韓国の金融圏で「最後のブルーオーシャン」と呼ばれる退職年金市場で、銀行間の主導権争いが過熱している。それぞれの特色を打ち出した戦略で、シェア順位の変動も激しい。

金融監督院の統合年金ポータルによると、昨年末基準の銀行圏における退職年金積立金(DB型・DC型・個人型IRP)は198兆481億ウォンで、前年同期(170兆8255億ウォン)より15.9%増加した。

退職年金積立金を最も多く運用しているのは新韓銀行だ。過去1年間で35兆176億ウォンから40兆4016億ウォンに増え、全体のシェアでKB国民銀行を追い越し1位となった。

特にDC型と個人型IRP部門で4兆4596億ウォンの年間純増を記録し、全業圏の中で最多の流入を獲得した。

退職年金を直接運用したい加入者のための情報提供及び特化サービスを導入したのが有効だったという分析だ。

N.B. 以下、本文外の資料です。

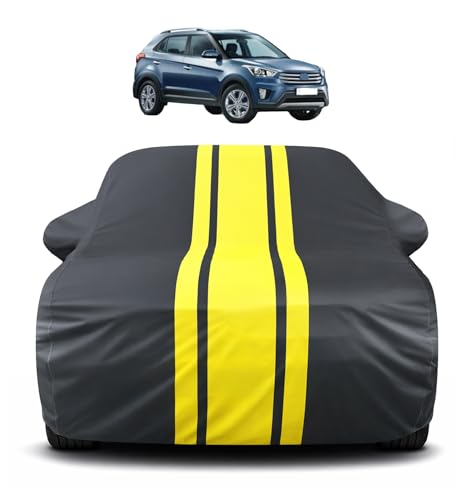 Image of Auto Hub Car Cover Compatible with Hyundai Creta Old (Model : 2015-2019) with Antenna & Mirror Pocket, Soft Cotton Lining, Creta Car Cover Waterproof - Yellow-Black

また、昨年は専門的な引退資産管理相談を提供するオフラインチャンネル「年金ラウンジ」をソウルの蘆原(ノウォン)と高陽(コヤン)市の一山(イルサン)にオープンしたのに続き、モバイル専用の「ソル(SOL)年金ラウンジ」を開設した。これを通じて、積金・貸出の推薦、簡単な税金計算機など、年金に興味のある顧客に様々なコンテンツを提供している。

ハナ銀行は、過去1年間で最も多い退職年金積立金を集めた。

ハナ銀行の昨年末基準の退職年金積立金は33兆6987億ウォンで、前年同期(27兆2638億ウォン)より6兆4349億ウォン増えた。

特に目を引くのは、DC型や個人型IRPなど元利金非保証の商品運用収益率部門において、市中銀行で1位を達成した点だ。また、退職年金取引企業の役職員のためのセミナーと、全国5つの営業店に年金VIP顧客のための専門相談センターを運営したことも反響を呼んだ。

農協銀行の場合、銀行圏の退職年金積立金の中で最もパイが大きいDB型部門で目覚ましい成長を遂げた。

農協銀行はこれまで最大の店舗網を活用し、企業に対する退職年金の密着営業に注力してきた。

その結果、昨年末の農協銀行のDB型積立金運用金額は前年同期より1兆1693億ウォン増加した10兆8694億ウォンを記録した。DB型部門だけを見ると、IBK企業銀行(8045億ウォン)とウリィ銀行(8339億ウォン)、新韓銀行(9244億ウォン)、KB国民銀行(9565億ウォン)よりも成長幅が大きかった。

市中銀行のある関係者は「比較的成長性が大きいと評価される退職年金事業は、銀行が非利子利益を上げられる有力な手段だ」とし、「事業拡大に積極的な銀行によって積立金のシェアの順位も追いつ追われつの様相だ」と述べた。